Re: why should we use SET table ?

To insert a new row the system has to do a duplicate row check for all existing rows with the same RowHash value, i.e. all rows with the same PI value or another PI value which happens to hash the same.

And of course it's cumulative, to insert N rows with the same RowHash you'll need (N*(N-1)) / 2 checks:

10 rows -> 45 dup row checks

100 -> 4950

1000 -> 499500

The rule of thumb is:

If the number of rows per value is low (maybe up to a few hundred) and all rows fit on a single datablock it might be acceptable.

Dieter

Re: why should we use SET table ?

Dieter,

How does each instance of a dup row check equate to time? This is way beyond a linear increase, but I'm not seeing that. I have a x00 million row SET table where I can insert x0 million rows to it daily with net new rows about 5%, and I'm not getting the degradation timewise that the formula would indicate.
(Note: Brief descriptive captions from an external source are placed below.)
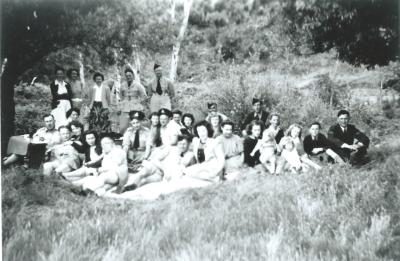 Black and White photograph Group of people having picnic - including soldiers WWII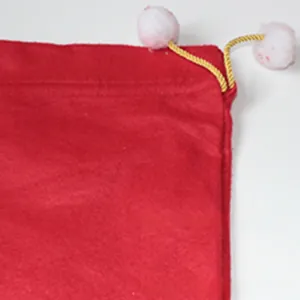 Detail of red felt Christmas gift bag featuring yellow drawstring and white pompoms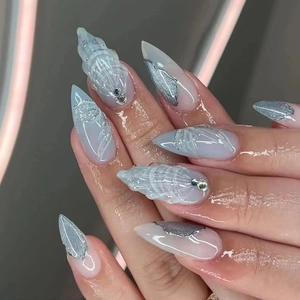 3D ocean shell nail tips with ice blue gradient, 3D relief texture and silver glitter
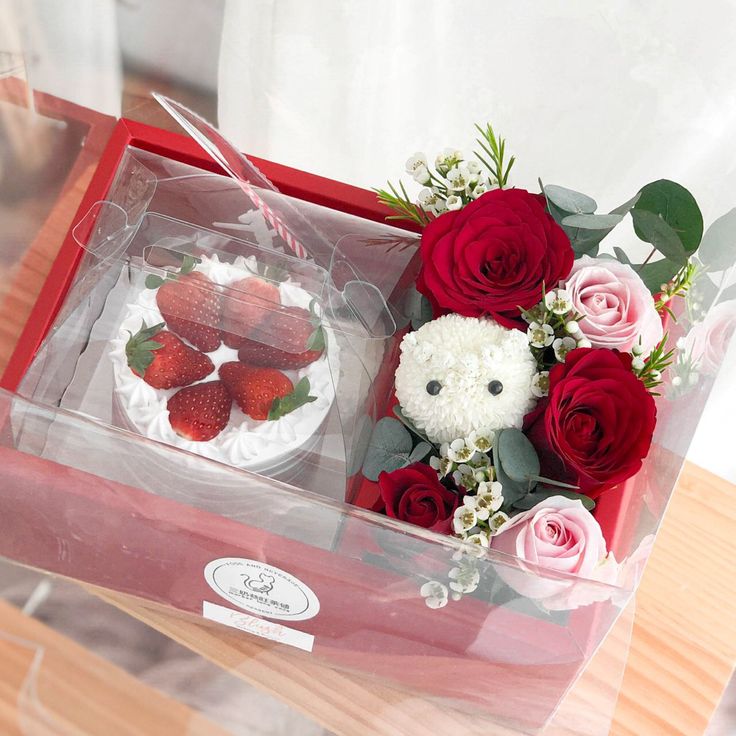 two cakes in a box with flowers and strawberries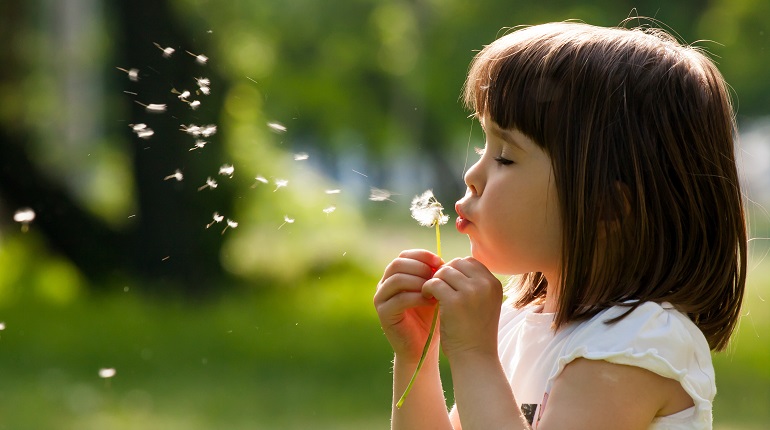Profile of a girl blowing seeds off of a dandelion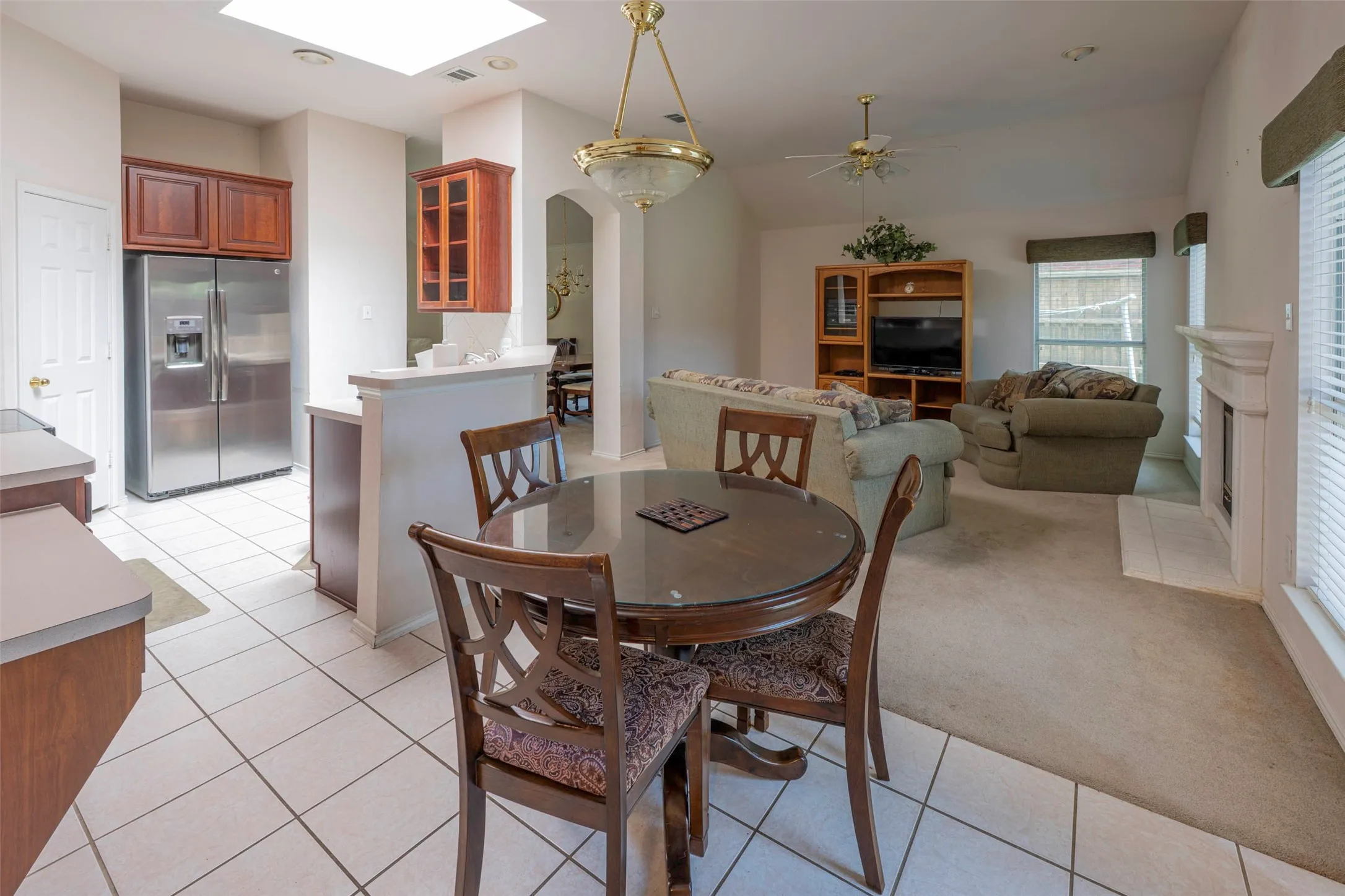 Tile flooring in the kitchen and breakfast dinging area with multiple windows, and a ceiling fan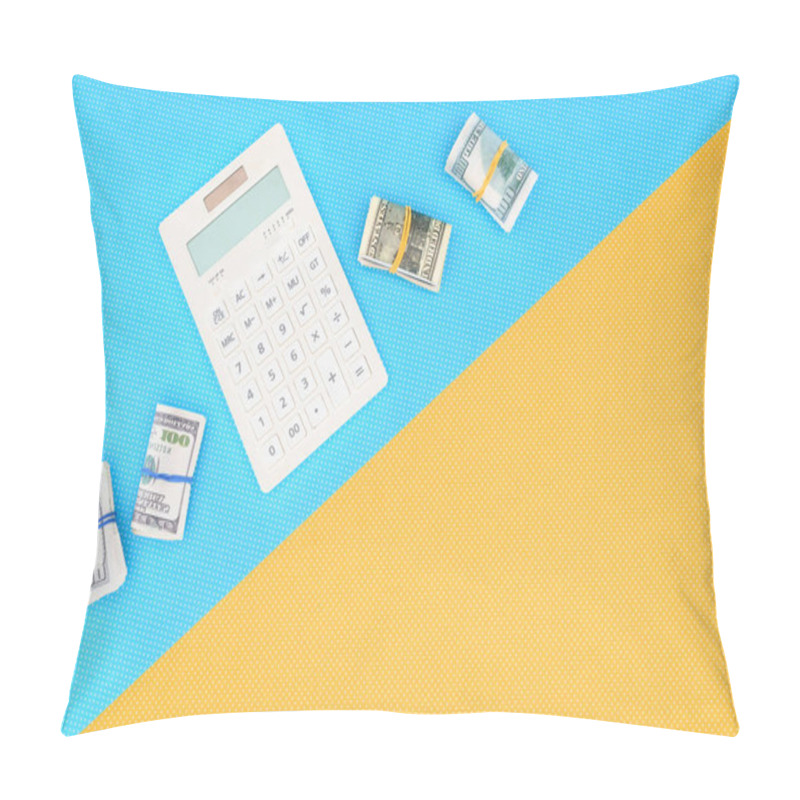 Personality  Top View Of Calculator And Money Rolls On Blue And Yellow Background Pillow Covers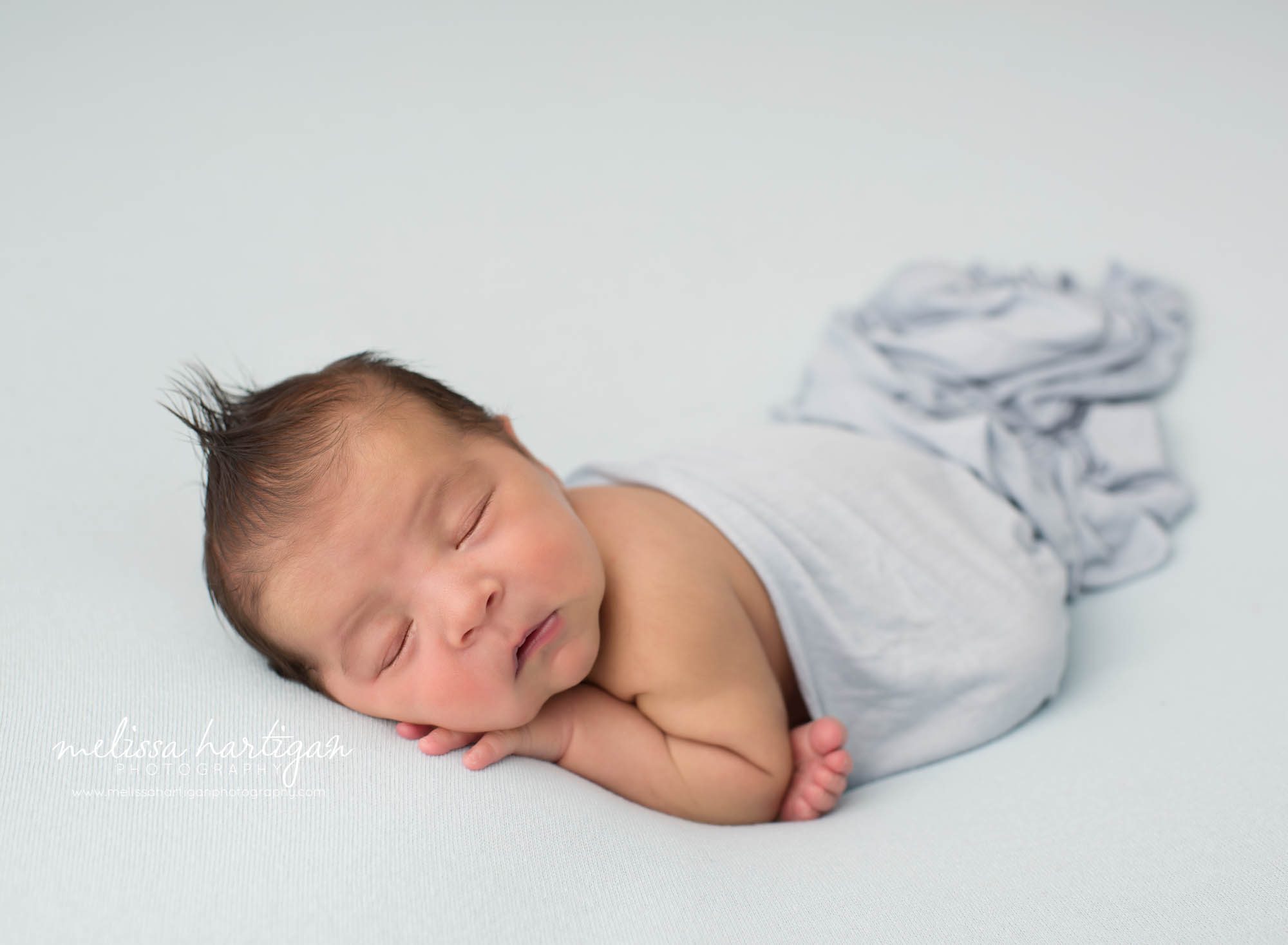 Newborn baby boy posed on tummy with blue draping layer Newborn Photography Norwich CT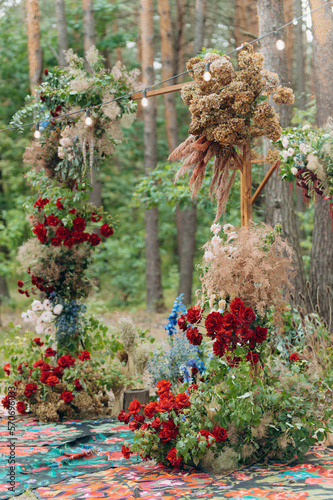 A beautiful arch with intertwined fresh flowers at a wedding ceremony in a green park. arch with flowers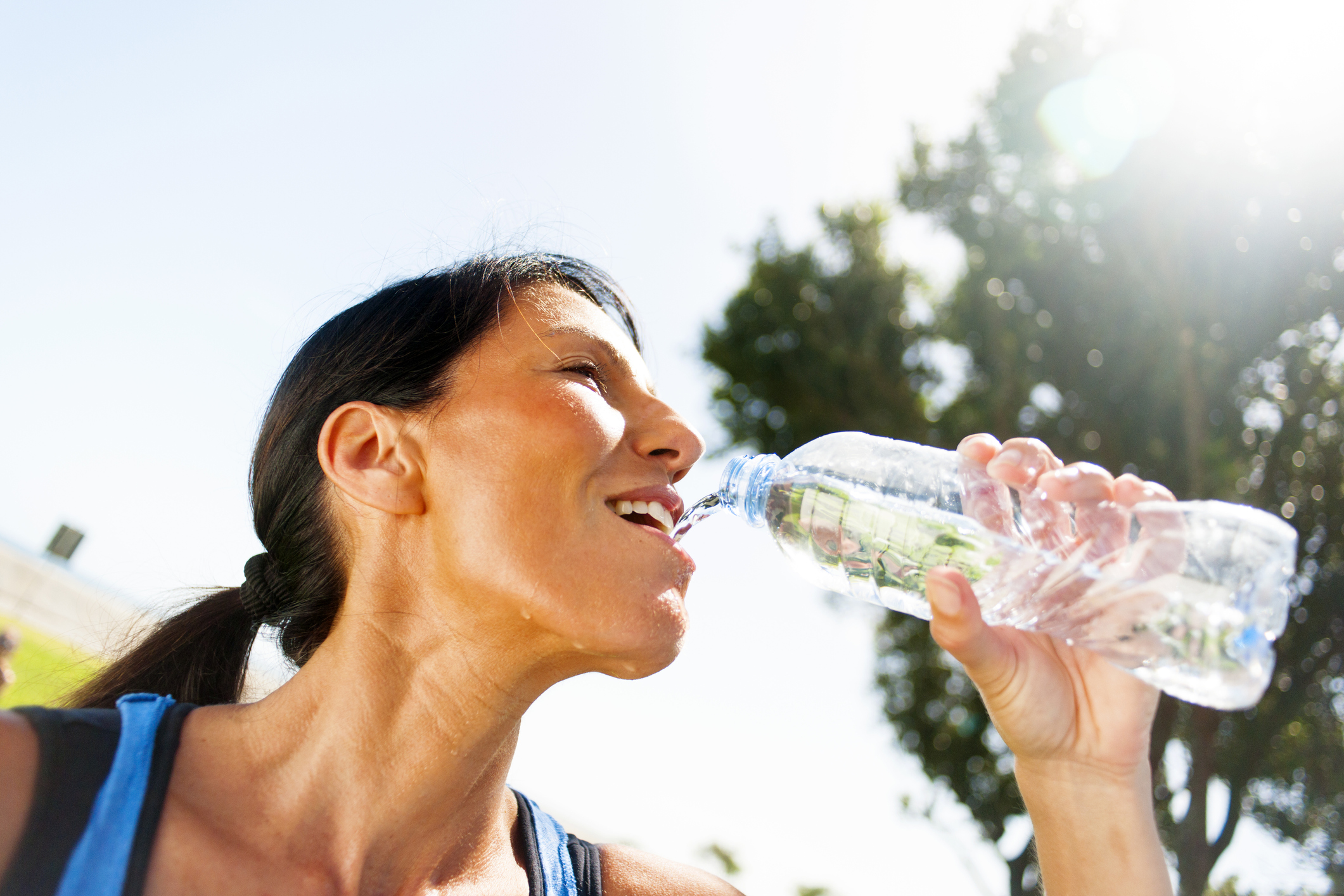 Female jogger drinking water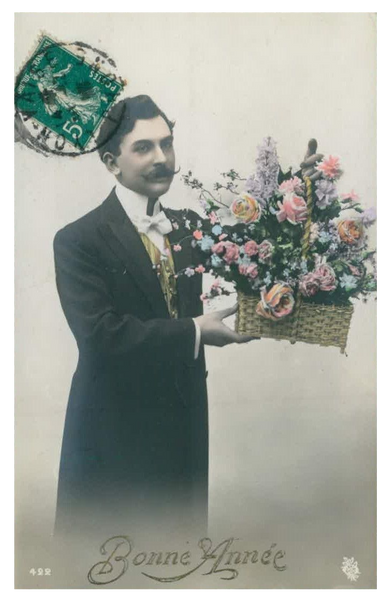 Handsome French Man with waxed mustache holding basket of roses and flowers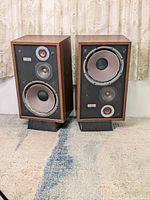 Pair of vintage Jamar Sound AV speakers on black plastic stands. Visible damage on subwoofer cones.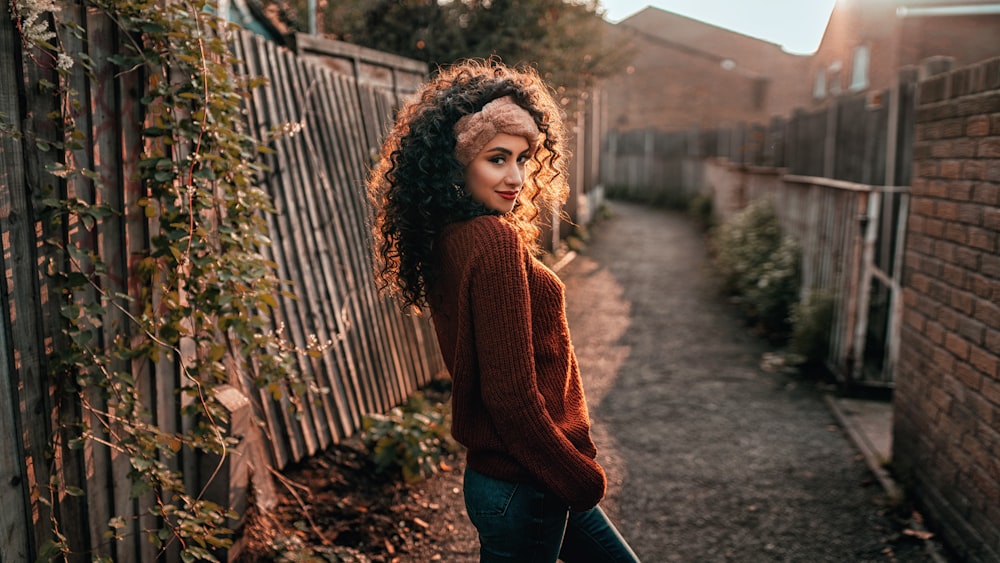 woman in brown knit sweater and blue denim jeans standing near brown wooden fence during daytime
What would you advise as a more efficient technique where I simply want to sweep new pairs into my SET pair table . As is, I don't have to worry about ETL change data coding.

Appreciate your feedback.

Julius

Senior Apprentice

Re: why should we use SET table ?

Hi Julius,

what's the average number of rows per value for this table?

The formula is only to compare the overhead for different rows per PI, when the count is doubled the number of dup checks is quadrupled to insert all those rows with the same PI.

When the number of rows per PI increases due to inserting new rows with an existing PI you should see a linear increase of CPU usage in DBQL, e.g. existing number of rows per PI value: 50, insert 1 row per day per PI.

After 50 days the number of rows per PI doubled, to insert a new row there's 99 dup checks now vs. 49 on the first day, resulting in doubled CPU time per row.

Dieter

Re: why should we use SET table ?

SET tables will insert rows quickly as we start inserts, but will become

much slower as its record count in table reached millions.

This is because, as SET table won't allow entire row duplicate, as you

insert new rows to the table

TD system should check whether particular row is already present or not.

And if row is already present, it won't insert particular row. It won't give

any error message also.

As this is an automatic process, lot of resources and processor time

required to do the same.

Initially it work faster and as record count reach millions, it becomes

slow.

Possible cause is 'duplicate row check'. This process is likely to slow down

as you add more rows to the target table. This is a problem when you have

too many rows per PI data value (well, technically PI rowhash) AND the table

is SET AND there are no unique indexes on the target table.

- as the process starts, there are relatively few rows for any given PI

rowhash value.

- duplicate row checking happens, but with only a few rows to check it

doesn't appear to slow you down

- as you add more data to the target table, the number of rows with same PI

rowhash grows, and you can now 'see' the processing slow down.

If the duplicate row check looks like the culprit then a couple of things

come to mind

- add a unique index

- change the table to multiset (providing of course that your data

model/processing can handle this)

If the table has a unique index (either upi or usi) then you will ** not **

have a problem with 'duplicate row checks'.

The only time you have problems with duplicate row checks is when:

- the table is SET, AND

- the table has NO unique indexes, AND

- you have lots of rows with the same PI rowhash value.

If any of the above conditions are NOT met then you will not have a problem

with duplicate row checks during insert  processing.

Thanks,

Sughesh I S